If the average water availability in California is about 75 million acre-ft per year, clearly there will be more “surplus” ocean outflows and some greater water use in wetter years, and less “surplus” outflow and water use in drought years.  In this large, diverse, and complex water system, it is hard to catch every drop before it reaches the ocean.  Even in very dry years, some water escapes the clutches of water managers and users.

Table 2. Percent of net water use in each hydrologic region by major water use

Table 2. Percent of net water use in each hydrologic region by major water use

California’s tremendous hydrologic and water use diversity jumps out from Table 2.  In the North Coast, net water use is 94% environmental (mostly outflow from wild and scenic rivers), with very little other uses (agricultural use here might be a bit more from illegal agriculture).  Most of California’s hydrologic regions have less than 10% of their water use being environmental, including the major urban regions and three of the largest the agricultural use regions.  All regions could be called unbalanced, individually, in different ways, which makes the state on average seem more balanced than it really is. 

When presented as percent of net water use, agriculture is the largest overall water use in California, and urban use is a distant third, as least in 2018.  Urban water conservation is good and merits some attention, but we clearly obsess with it disproportionately from a statewide perspective.  Agriculture is the big water use, and it is important how this use is managed (and largely reduced) for the future and for droughts.  Slash and burn approaches to water conservation hurt people and often ecosystems.

Other DWR data would show that total environmental use varies wildly from dry to wet years because much of it is for wild and scenic river flows. 

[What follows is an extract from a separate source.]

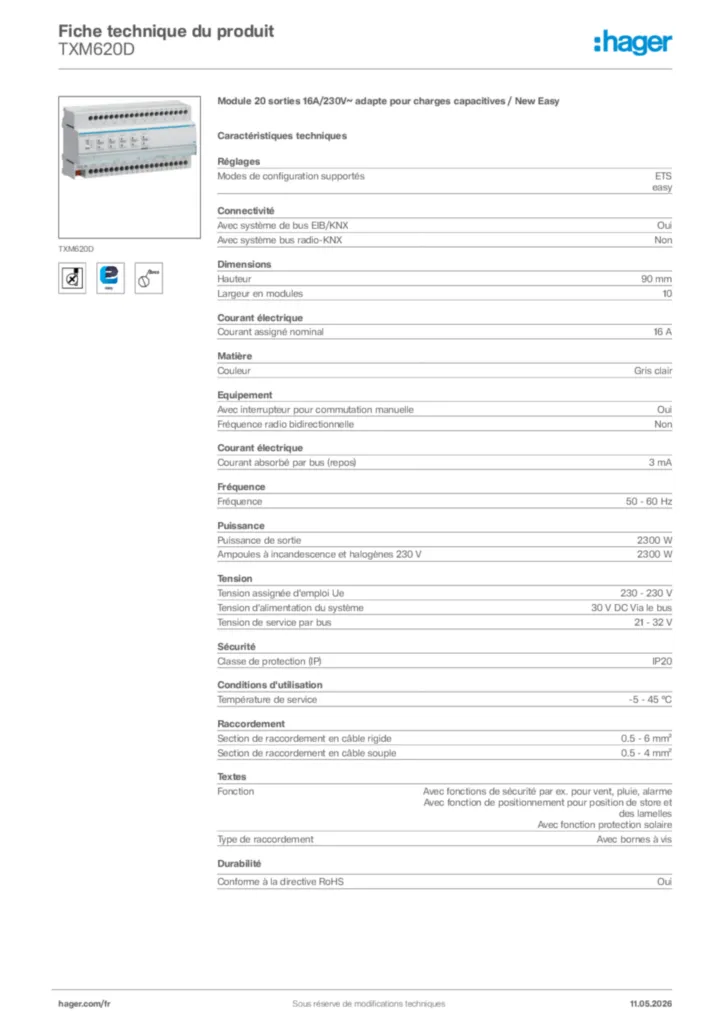 Image Hager Fiche technique du produit TXM620D | Hager France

Table 3. Percent of net water use for each major use, by hydrologic region

96% of net environmental water use is in just two northern regions. Most regions in California have less than 1% of total state net water use for environment.  89% of agricultural water use is concentrated in just four regions.  73% of urban water use occurs in just two regions.  We often talk about how important or unimportant water uses are for California overall, while neglecting how even small uses statewide can dominate in some regions, and how some uses of large statewide concern are almost absent from many regions.

We should make more use of numbers in water policy. For example, Greg Gartrell et al. (2017 and 2022) have done insightful analyses of Delta inflows and outflows, which dispel several myths and put Delta water balance in perspective.  Grafton et al. (2018) show how water conservation based on gross water use is often ineffective and misleading for saving water.  A recent Delta Independent Science Board (2022) report reviews how we might make better water numbers and put them to better use for current and future challenges.  Implementing the Sustainable Groundwater Management Act will require far better and more available numbers for groundwater, surface water, and water demands than we have ever had.

We need insightful numbers to challenge and improve our current conceptions and prepare a more common basis for the difficult water discussions needed for a better future.  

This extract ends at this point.